A sharp sell-off in technology shares rippled across global markets, with the decline centered on the companies that supply the chips powering the artificial intelligence boom.

The trouble started in Asia. According to Investing.com, South Korea's KOSPI index slumped 8% and triggered a circuit breaker — an automatic trading halt — as a long-running AI rally reversed. A separate report carried by MSN said the KOSPI fell about 10% from a record high, dragging down the country's memory-chip giants Samsung Electronics and SK Hynix, both of which tumbled.

The pressure spread quickly. According to Yahoo Finance, Nasdaq and S&P 500 futures plunged as the global chip sell-off fueled fresh doubts about the AI trade, even amid progress in US-Iran talks. The Wall Street Journal described stock futures sliding as the technology sell-off spread, and The Times reported that jitters over AI spending were dragging markets lower. In India, Times Now reported the Sensex slid more than 500 points.
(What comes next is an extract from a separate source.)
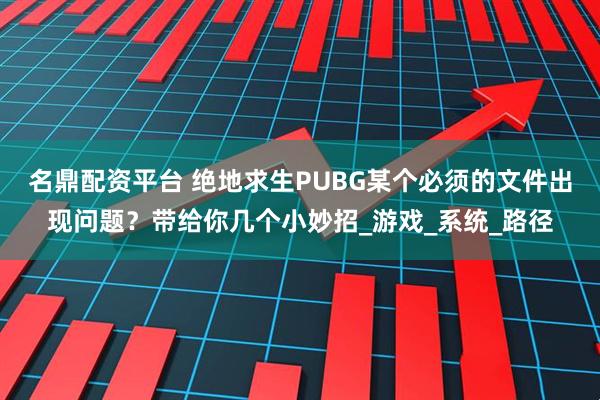 名鼎配资平台 绝地求生PUBG某个必须的文件出现问题？带给你几个小妙招_游戏_系统_路径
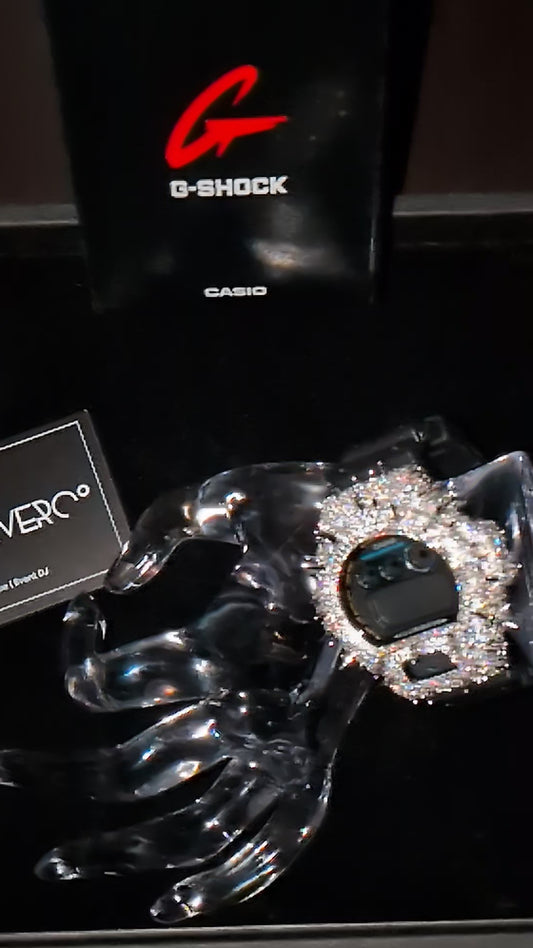 Men's Spiked Design Iced out Casio GShock Watch with Black Band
The common thread is unease over how much money is being poured into AI. Memory and chip stocks have soared on expectations of relentless demand; when investors question whether that spending is sustainable, the same names tend to fall fastest. Korean memory makers, which sell the chips data centers rely on, became the early flashpoint.

Why it matters: AI-linked technology stocks have driven much of the recent gains in global markets, so when confidence in that spending wobbles, the losses spread far beyond any single company to investors around the world.